Pourtant « Cet ouvrage est une contribution significative à la littérature socio-historique du Québec français en terre d’Amérique » souligne la page 4 de couverture. En effet, manifestement, c’est un travail « scientifique ». Les faits sont validés. De nombreuses références en font foi. Le contexte économique évolutif du Québec du XXe siècle est présent.
L’auteur a transformé la chronique d’une famille des Bergeronnes (village de la Haute-Côte-Nord du Québec) au XXe siècle en saga québécoise plongeant dans les racines de la naissance de la population de Nouvelle-France 2. Avec les ancêtres éponymes, le lecteur remonte à Tourouvre en Perche au XVIIe siècle où est né Mathurin Gagnon; en Allemagne avec Jean-Charles-Ignace Leard dit Lessard, mercenaire arrivé dans la « Province of Québec » en 1778; puis redescend jusqu’à l’aujourd’hui de l’après-Révolution tranquille.
On s’identifie aux personnages.

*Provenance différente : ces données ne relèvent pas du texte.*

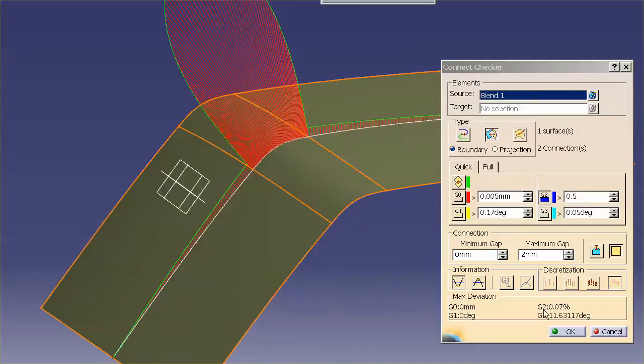So, for all intents and purposes, this is an imperceptible mistake or flaw on that surface. This is basically perfect.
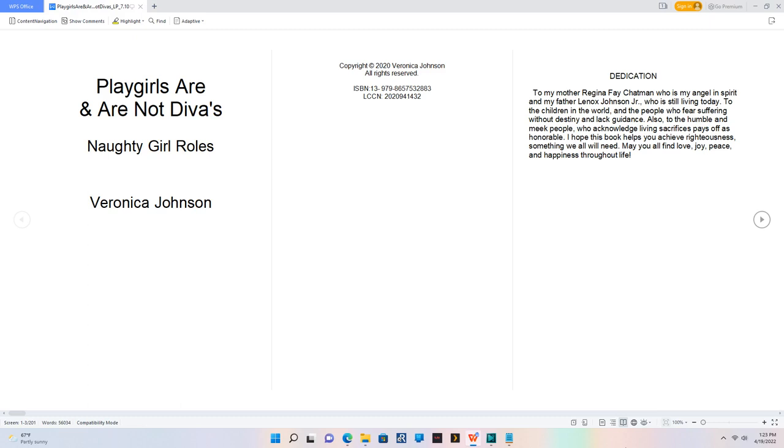Copyright 2020 Veronica Johnson. All rights reserved. ISBN 13: 979-8657532883. LCCN 2020-094-1432.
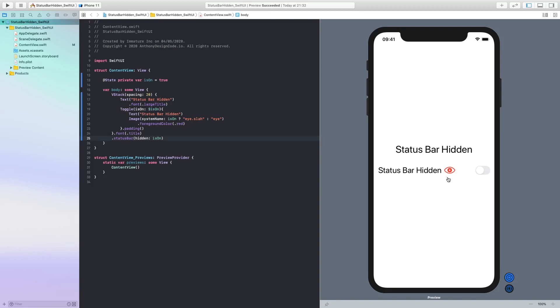Now we do have a slight problem and that is because I have missed the S and now you can see this is now showing.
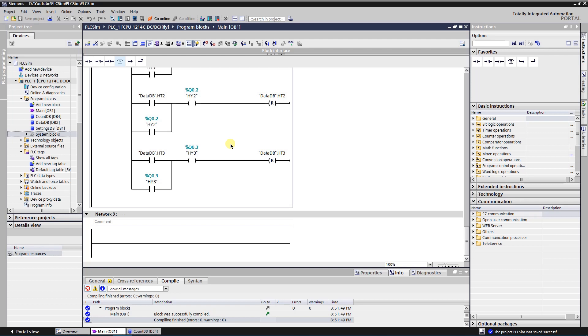Hello Youtubers. In this video I will talk about counting in TIA Portal. Please do not forget to like the video and subscribe to the channel.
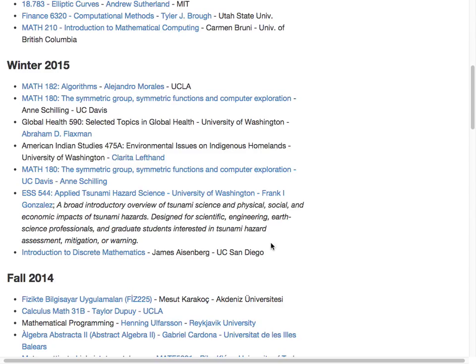Any other questions? We also have the SAGE booth downstairs if you have other questions. Thank you very much.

Les hommes partent « dans le bois » ou à la pêche (on est entre forêt et berges – d’où Bergeronnes – du golfe du Saint-Laurent) avec le père et les grands frères. Les femmes aimeraient posséder les savoirs industrieux d’Elie-Anne, la patience des grandes sœurs et la créativité des petites. Jean-Charles parvient à nourrir ses dix-sept enfants (oui, 17) avec le produit d’un travail inventif qui « surfe » habilement sur la vague du progrès, de bucheronnage en beurrerie, d’élevage de volailles en garage et vente de matériel agricole. De nombreux déboires jalonnent l’aventure, mais la réussite est au rendez-vous, surtout les excellents résultats des enfants à l’école. Ils s’en tireront tous !
Plusieurs traits sont spécialement à souligner : le parti-pris de l’auteur de ne critiquer personne : chaque personnage est pourvu de qualités. La présence des Amérindiens Innus, voisins, n’est pas du tout occultée, bien au contraire. Les curés successifs ont un rôle positif. La spiritualité traditionnelle québécoise est fort bien décrite ainsi que les nouvelles avenues spirituelles d’aujourd’hui où un christianisme dépouillé d’oripeaux moralisateurs rejoint en profondeur le « Grand Mystère » amérindien, la sagesse zen et la compassion bouddhiste. Fidèle à lui-même, Rodolphe Gagnon fait partager la quête de sens décrite dans ses précédents ouvrages 3.